Bundan birkaç yıl önce Chelsey Brown’un hikâyesine benzer bir durum ülkemizde de yaşanmıştı. Yaşar Üniversitesi İletişim Fakültesi Radyo Televizyon ve Sinema Bölümü Öğretim Üyesi Doç. Dr. Dilek Kaya, İzmir’in Halkapınar semtinde kurulan antika pazarlarını dolaşırken, 1970 yılında bir dağ kazasında ölen 19 yaşındaki gencin mektuplarını bulduğunda aynen Chelsey Brown gibi bundan oldukça etkilenmiş.
Ailesi İzmir’de yaşayan, 18-19 yaşlarında, Ankara Fen Lisesi mezunu, Hacettepe Üniversitesi Tıp Fakültesi birinci sınıf öğrencisi Kazım Küçükalp adlı çok yönlü bir gencin hayatını incelemeye başladığında oldukça bilgilere ulaşmış.

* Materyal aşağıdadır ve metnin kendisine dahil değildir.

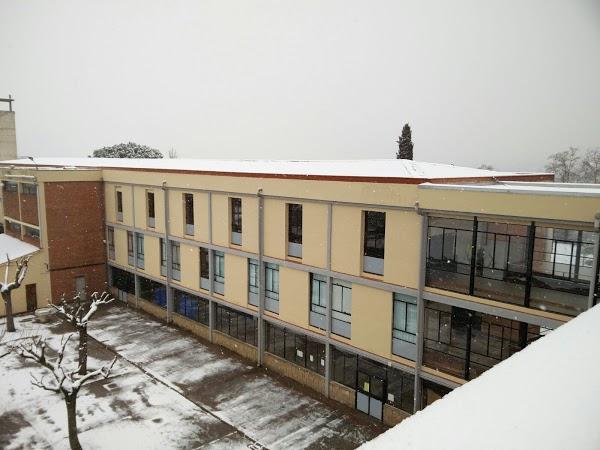 Imagen 71 Colegio Corazón Inmaculado de María foto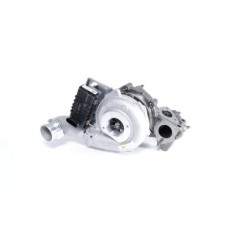 Turbo BTS Turbo T916391 pour JEEP GRAND CHEROKEE IV (WK, WK2) 3.0 CRD V6 4x4 190 CV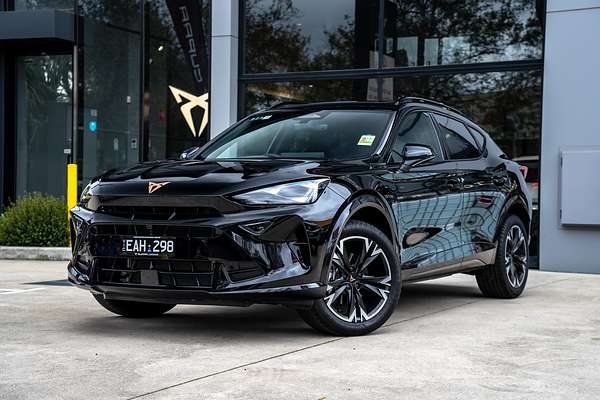 2026 CUPRA Formentor S KM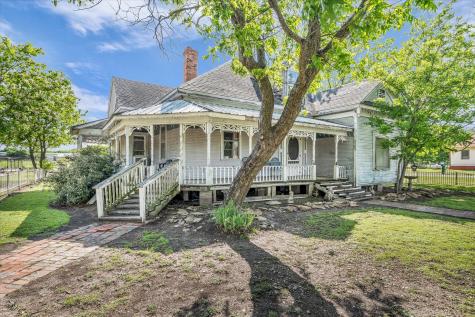421 N Huey Avenue W Mount Calm TX 76673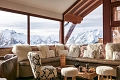 Hotel Grandes Rousses, Alpe d'Huez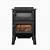 drolet bistro wood burning cook stove db04815
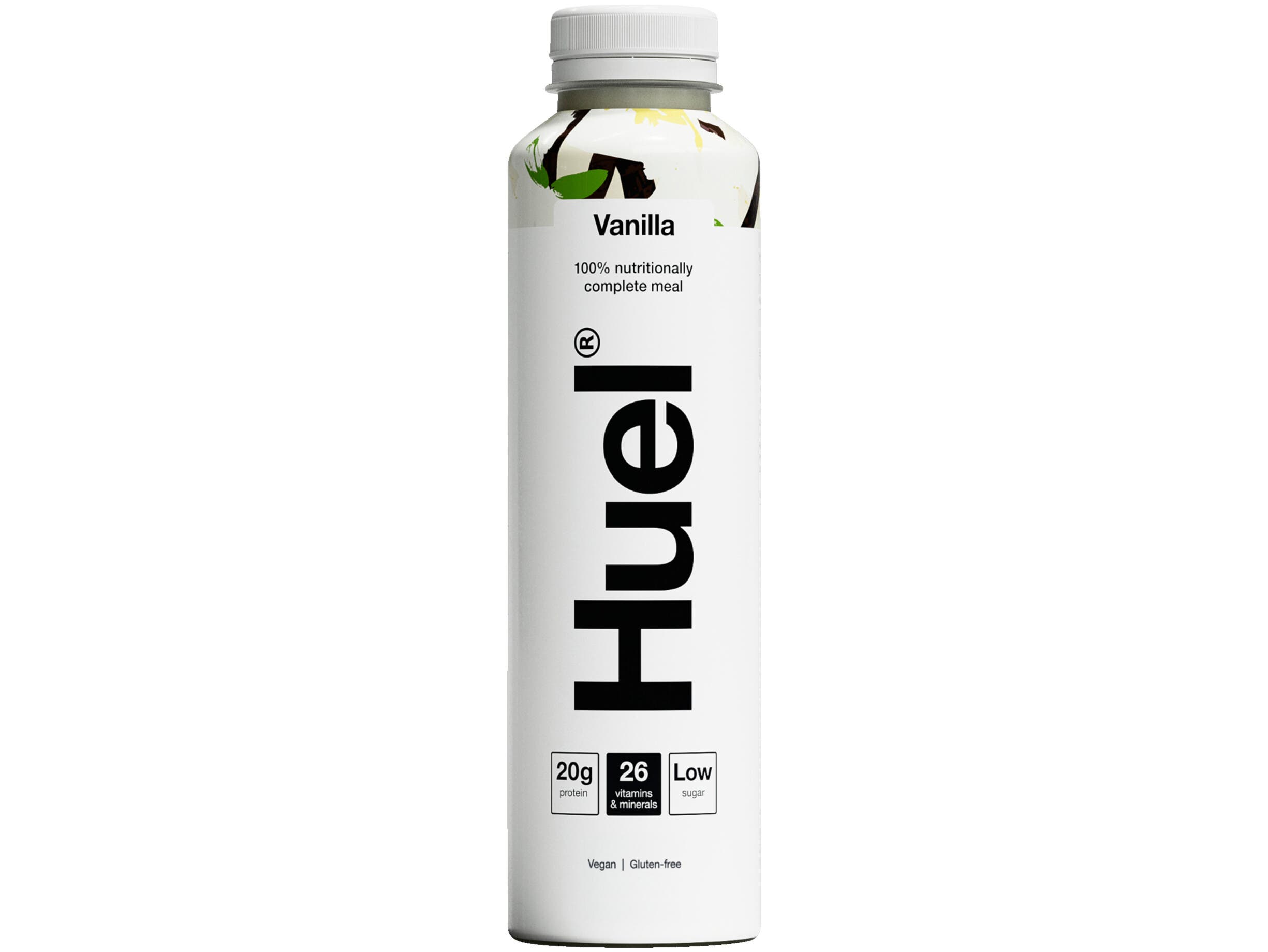 Huel Maaltijdshake vanilla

Genç adamın arkadaşları tarafından Artvin Kaçkarlar Altıparmak Dağlarına yapılacak tırmanışa davet edildiğini okuyan Dilek Kaya, internette yaptığı araştırmada Kazım Küçükalp’in, tırmanışta kaza geçirerek hayatını kaybettiğini öğrenmiş. Türkiye’nin dağ kazalarında ölen üçüncü kişisi olduğunu öğrendiğinde ise sonu felaketle biten bu yaşam öyküsünü 44 yıl aradan sonra ölümsüzleştiren bir belgesele dönüştürmüş.
The Washington Post'ta yayımlanan "She’s a thrift store detective of sorts — she buys mementos and returns them to their rightful owners, free of charge" başlıklı haberden derlenmiştir.